Le Docteur Fernand Linarès
Fernand-Jean Linarès, né à Limeuil en 1850, termine ses études de médecine eu Service de Santé Militaire en 1874. A Oran, le 22 décembre 1877, le médecin-major de 2ème classe Linarès est nommé médecin de la mission en partance pour Oujda où il demeure deux ans avant de retourner en Algérie. Il est envoyé ensuite à Rabat. Le 6 septembre 1883, le commandant de Génie Levallois, le captaine d'Artillerie Berquin et le médecin-major Linarès se joignent à la méhalla qui accompagne le sultan Moulay Hassan dans son voyage à Marrakech, puis à Meknès, où ils se fixent avec le Sultan.

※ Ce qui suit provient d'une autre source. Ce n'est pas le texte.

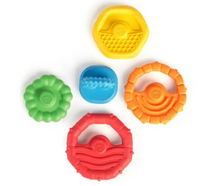 Load image into Gallery viewer, Hape Baby Stack & Teeth Multi Textured Teether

En 1893, du 24 juin au 18 décembre suivant, seul "roumi", Linarès accompagne le Sultan et ses ministres dans une expédition répressive et religieuse à la fois, au Tafilalet.

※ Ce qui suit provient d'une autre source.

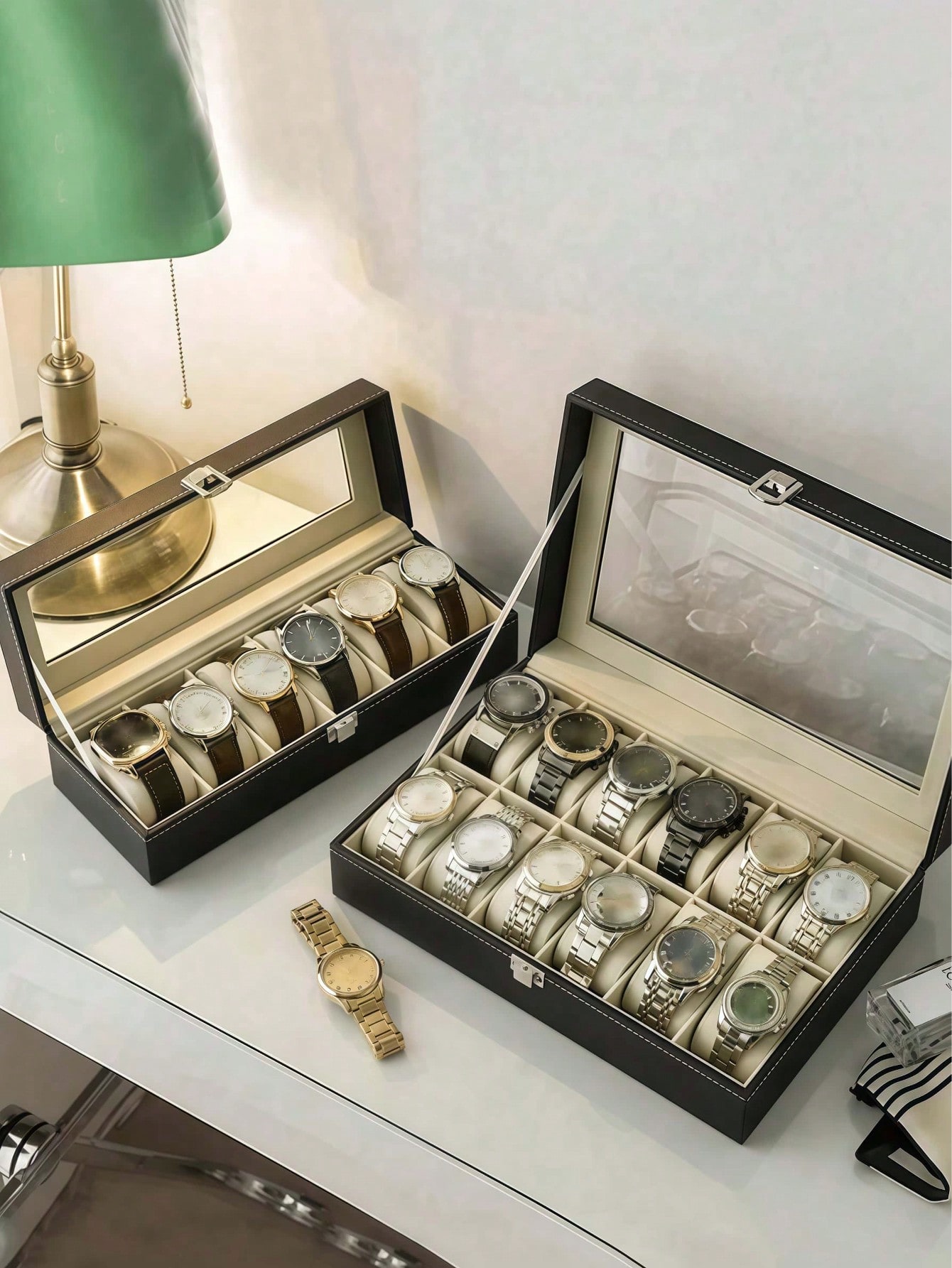 Boîte à montres en cuir avec s - Men Accessories Box avis et prix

Quand Moulay Hassan décède le 8 juin 1894, Linarès est en congé en France. Il rentre au Maroc en septembre, porteur pour le nouveau sultan Moulay Abdelaziz de lettres du Président de la République. Il restera présent à la "cour" jusqu'en 1901.
En 1932, il publia Voyage au Tafilalet avec S.M. le Sultan Moulay Hassan.
D'après la thèse du docteur Jacques Bélanger, neveu du docteur Fernand Linarès : dr-linares-medecin-diplomate.pdf
Extrait de Voyage au Tafilalet avec S.M. le Sultan Moulay Hassan, pour la région de Ouarzazate
Vendredi 8 décembre. 48ème étape (marche 5 heures) de Skoura aux ksour Aït Bou Dellal.
Nous quittons le campement de Skoura à 8h.20 en nous dirigeant vers le Sud-Ouest, sur l’oasis de Skoura dans laquelle nous pénétrons à 8h.40 en suivant du Nord-Est au Sud-Ouest la ligne des ksour fort bien construits au milieu des palmiers.
A 9 heures, nous traversons l’oued Skoura, absorbé en grande partie par les séguias innombrables qui irriguent l’oasis. De 9h. à 9h.25, nous suivons le lit de l’oued qui oblique sensiblement vers le Sud-Ouest. A 9h.30, nous sortons de l’oasis et continuons notre marche vers le Sud-Ouest jusqu’à 9h.50. Alors nous franchissons un chabet très large qui descend vers l’oued Skoura. A midi, nouveau chabet allant dans la même direction.
Après ces quatre heures de marche, nous sommes chez les Aït Bou Dellal qui ont eu, il y a peu de temps, maille à partir avec leur Caïd, el Glaoui. L’emplacement désigné ne convenant pas pour le campement, on marche encore durant une heure et on dresse le camp sur un plateau dominant la vallée de l’oued Skoura et le long de laquelle s’échelonnent les ksour des Aït Bou Dellal.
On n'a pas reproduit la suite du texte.